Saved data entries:

++++++

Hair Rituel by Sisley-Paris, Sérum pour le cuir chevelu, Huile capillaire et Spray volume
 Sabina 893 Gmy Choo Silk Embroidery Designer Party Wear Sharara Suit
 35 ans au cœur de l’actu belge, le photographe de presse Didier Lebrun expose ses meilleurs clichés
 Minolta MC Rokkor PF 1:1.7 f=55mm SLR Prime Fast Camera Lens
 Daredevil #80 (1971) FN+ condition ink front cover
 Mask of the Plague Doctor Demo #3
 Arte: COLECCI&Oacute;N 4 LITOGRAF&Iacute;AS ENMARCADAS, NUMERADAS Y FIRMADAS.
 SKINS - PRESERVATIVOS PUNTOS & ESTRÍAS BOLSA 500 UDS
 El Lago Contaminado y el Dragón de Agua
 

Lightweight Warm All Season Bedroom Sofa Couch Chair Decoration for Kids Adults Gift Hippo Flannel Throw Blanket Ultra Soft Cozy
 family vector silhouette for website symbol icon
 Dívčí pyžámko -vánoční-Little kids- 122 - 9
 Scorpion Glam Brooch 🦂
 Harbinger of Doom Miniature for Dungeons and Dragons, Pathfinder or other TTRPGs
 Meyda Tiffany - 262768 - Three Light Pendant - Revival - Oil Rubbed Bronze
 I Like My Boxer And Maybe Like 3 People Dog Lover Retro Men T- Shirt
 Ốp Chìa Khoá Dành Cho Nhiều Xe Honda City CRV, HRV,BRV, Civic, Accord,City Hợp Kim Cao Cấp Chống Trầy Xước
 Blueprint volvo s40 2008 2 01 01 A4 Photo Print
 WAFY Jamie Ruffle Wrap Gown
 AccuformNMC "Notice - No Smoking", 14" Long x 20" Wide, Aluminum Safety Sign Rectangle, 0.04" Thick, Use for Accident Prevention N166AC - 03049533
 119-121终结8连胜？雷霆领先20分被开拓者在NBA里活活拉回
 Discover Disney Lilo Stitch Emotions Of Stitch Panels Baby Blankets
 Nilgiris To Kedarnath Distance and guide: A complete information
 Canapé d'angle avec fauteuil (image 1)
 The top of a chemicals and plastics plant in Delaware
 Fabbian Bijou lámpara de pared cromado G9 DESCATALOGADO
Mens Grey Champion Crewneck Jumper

++++++

Work instructions:
Transcribe, exactly as written, all lines of the entries above from the first to the one containing "Lightweight Warm All", and no more.

Task answer:
Hair Rituel by Sisley-Paris, Sérum pour le cuir chevelu, Huile capillaire et Spray volume
 Sabina 893 Gmy Choo Silk Embroidery Designer Party Wear Sharara Suit
 35 ans au cœur de l’actu belge, le photographe de presse Didier Lebrun expose ses meilleurs clichés
 Minolta MC Rokkor PF 1:1.7 f=55mm SLR Prime Fast Camera Lens
 Daredevil #80 (1971) FN+ condition ink front cover
 Mask of the Plague Doctor Demo #3
 Arte: COLECCI&Oacute;N 4 LITOGRAF&Iacute;AS ENMARCADAS, NUMERADAS Y FIRMADAS.
 SKINS - PRESERVATIVOS PUNTOS & ESTRÍAS BOLSA 500 UDS
 El Lago Contaminado y el Dragón de Agua
 

Lightweight Warm All Season Bedroom Sofa Couch Chair Decoration for Kids Adults Gift Hippo Flannel Throw Blanket Ultra Soft Cozy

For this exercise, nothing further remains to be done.